Op 5 januari 2024 heeft de Rechtbank Zeeland-West-Brabant, locatie Breda, een beschikking gegeven in een rekestprocedure betreffende een zorgmachtiging op basis van de Wet verplichte geestelijke gezondheidszorg (Wvggz). De rechtbank behandelde het verzoek van de officier van justitie tot het verlenen van een zorgmachtiging voor betrokkene, die lijdt aan verschillende psychische stoornissen, waaronder schizofreniespectrum- en andere psychotische stoornissen. Betrokkene, geboren in 1973, verblijft momenteel in de accommodatie GGZ Breburg en staat open voor zorg, hoewel zijn herstel nog pril is. De rechtbank heeft vastgesteld dat er geen mogelijkheden voor passende zorg op vrijwillige basis zijn en dat betrokkene in het verleden zich heeft verzet tegen noodzakelijke zorg.

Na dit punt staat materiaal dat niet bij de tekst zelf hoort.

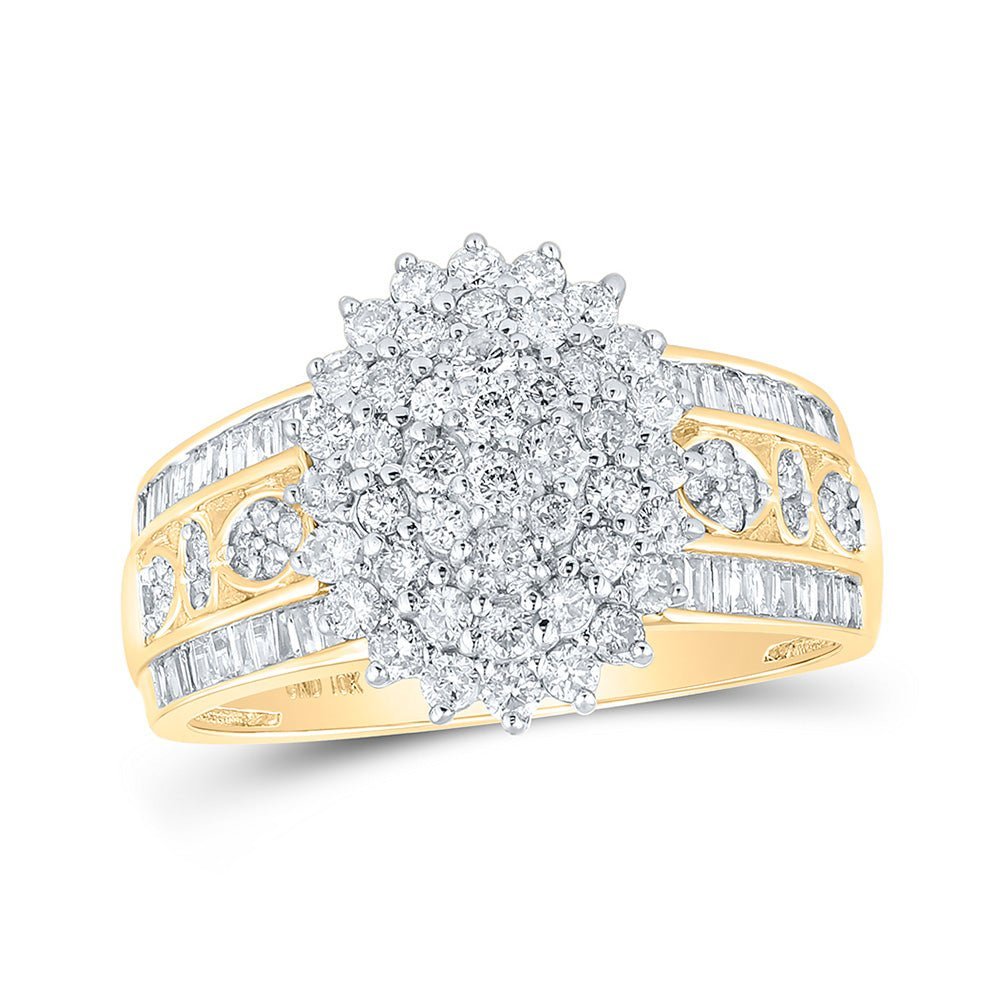 Radiant Elegance: 10kt Yellow Gold Womens Round Diamond Oval Cluster Ring 1 Cttw - Splendid Jewellery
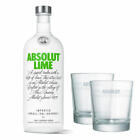 Absolut Vodka Lime Set mit 2 Gl&#228;sern Wodka Limette Alkohol Flasche 40 % 1 L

Tijdens de mondelinge behandeling op 5 januari 2024 zijn betrokkene en zijn advocaat, mr. G.J. Woodrow, gehoord, evenals een psychiater. De rechtbank heeft geconcludeerd dat het gedrag van betrokkene als gevolg van zijn stoornis leidt tot ernstig nadeel, waaronder risico op lichamelijk letsel en psychische schade. De rechtbank heeft de verzochte vormen van verplichte zorg, zoals het toedienen van medicatie en het aanbrengen van beperkingen in de vrijheid, toegewezen, maar de verzoeken om opname in een accommodatie en insluiting afgewezen, omdat dit niet noodzakelijk werd geacht op korte termijn.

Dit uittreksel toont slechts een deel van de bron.